$30
CS212 Data Structures and Algorithms
Program 2 – Babble
In this program, you will write code to read a text file and compute word co-occurrence statistics.
You’ll then use the program to read a text file, such as a book by Dickens, a book of the King
James Bible, or a reading assignment, and generate some meaningless babble that superficially
resembles the source file. In fact, the higher-order the statistics, the more seemingly sensible it
will be, until you study it closely. You’ll be given some sample C# code to start from that reads,
tokenizes, and displays a text file. You have two options.
The first option, worth a maximum of 90% credit, computes first-order statistics. That is, for
each word, it finds all the words that follow it in the file. Then, when generating the output, it
picks a new word at random from that list.
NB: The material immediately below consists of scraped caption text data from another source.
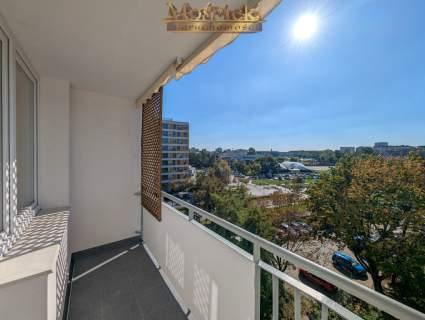 Stylowe 2 pokoje przy metrze Imielin 48 m Balkon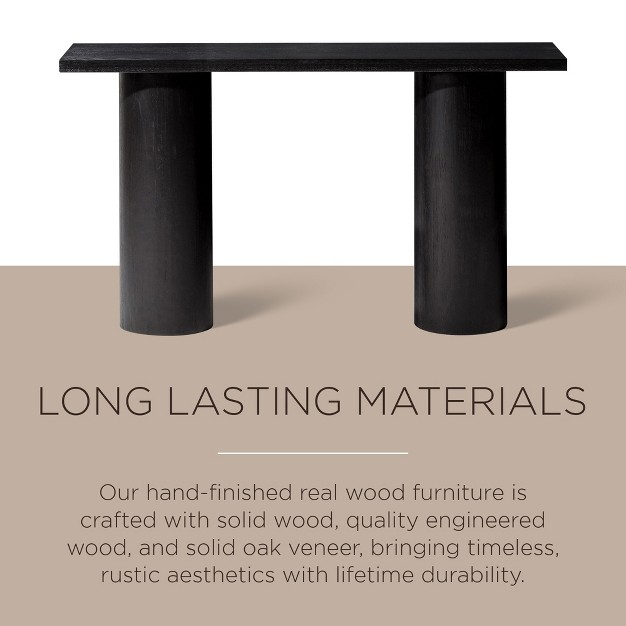 Maven Lane Lana Contemporary Wooden Console Table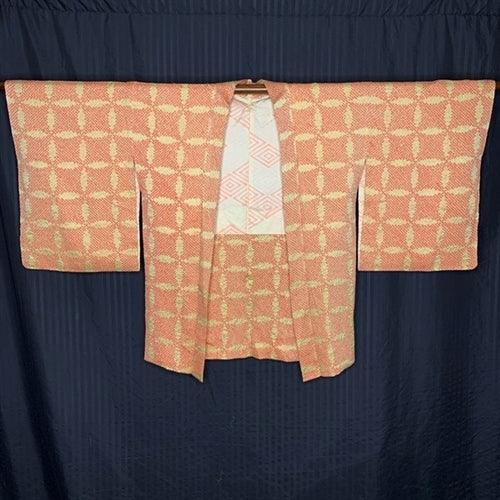 "Shibori Shippo" Woman's Vintage Haori - Kyoto Kimono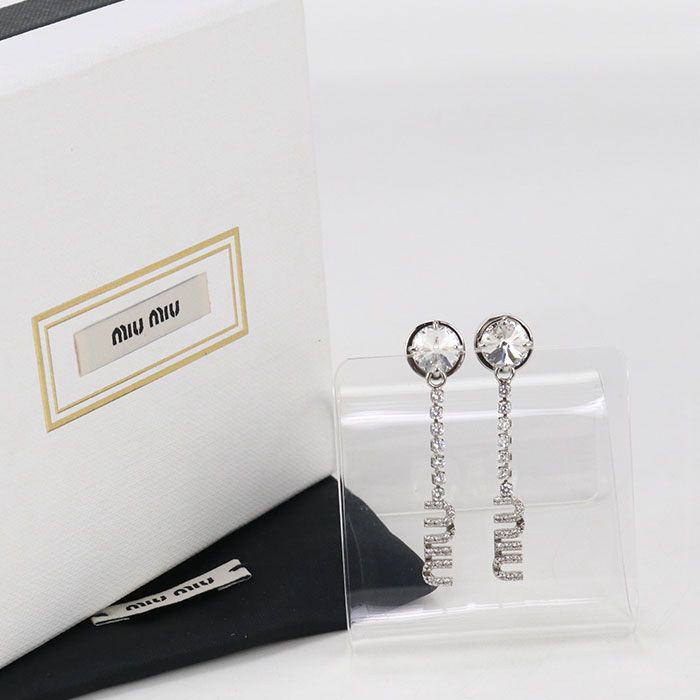 MIUMIU OUTLET ミュウミュウ アウトレット 5IO058 2DNC F0OKL ピアス メタル レディース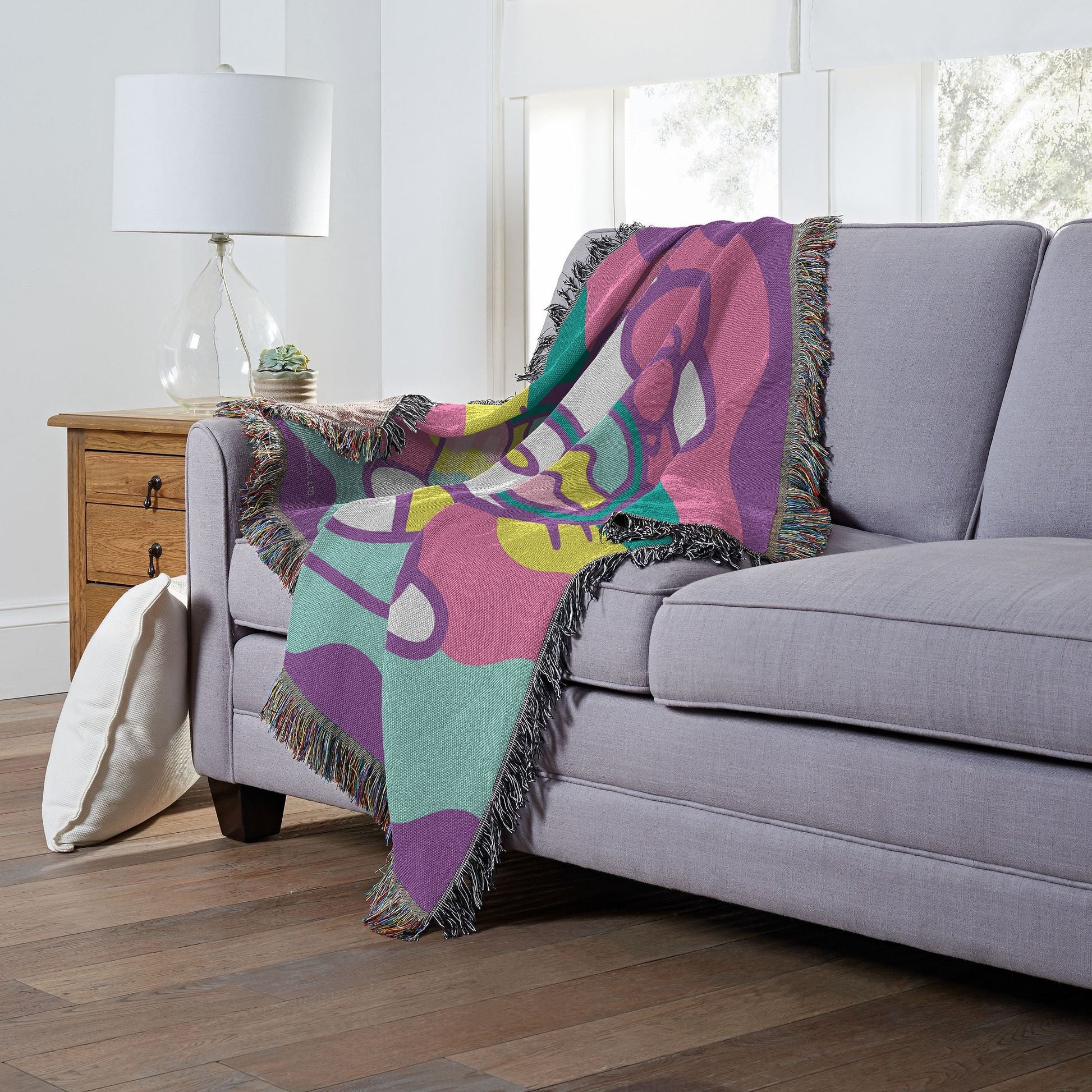 HELLO-KITTY - COOL KITTY Woven Tapestry Wall Hanging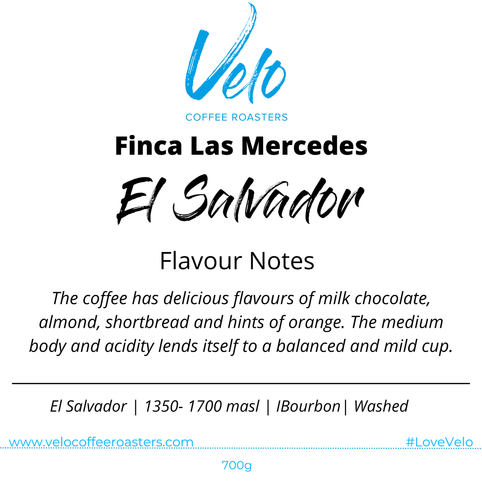 Finca Las Mercedes 700G Coffee Bag El Salvador - 12 Months Pre-Paid Subscription - Velo Coffee Roasters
That word it chose is added to the output and also
used as the next key to generate the next word.
To do this, use a hash table (Dictionary) of ArrayList objects, defined as in the HashExample
code. Every time a pair of words is read from the file, retrieve the appropriate ArrayList of
succeeding words by using the first word as the key in the hash table. Then Add the second word
onto the ArrayList. To generate output, given the previous word, find the appropriate list of
following words in the hash table and pick a word at random from that list. Initially use the first
word of the file. Note that if you happen to end up with the last word in the source text, there
may not be a successor, so you can either start again at the beginning of the text or pick a spot to
restart at random.
The second option, for full credit, computes Nth-order statistics. N will be set by a UI widget;
possible values are 1 to 5. If N is 4 and the words “It was the best” occur 20 times in the input
file, when you are generating text, the next word you generate should be one of the 20
successors, selected at random. Your key for the hash table should be a combination of the prior
N words, e.g. It-was-the-best, and the list of things stored at that key the next words.
When the Load button is clicked, the program should read the selected file, analyze it according
to the currently selected order, and display the total number of words and the number of unique
keys found (for first-order statistics, the number of unique words; for Nth-order statistics, the
number of unique sequences of N words). When the order is changed, statistics should be
recomputed for the new order. When the “Babble” button is clicked, the program should clear
the output and generate 200 words of random text based on the computed statistics.
Make sure to comment your functions, describing what they do and input and output conditions.
You should use other comments in the code where it would help make clear what is going on.
Use meaningful variable and function names and good programming style.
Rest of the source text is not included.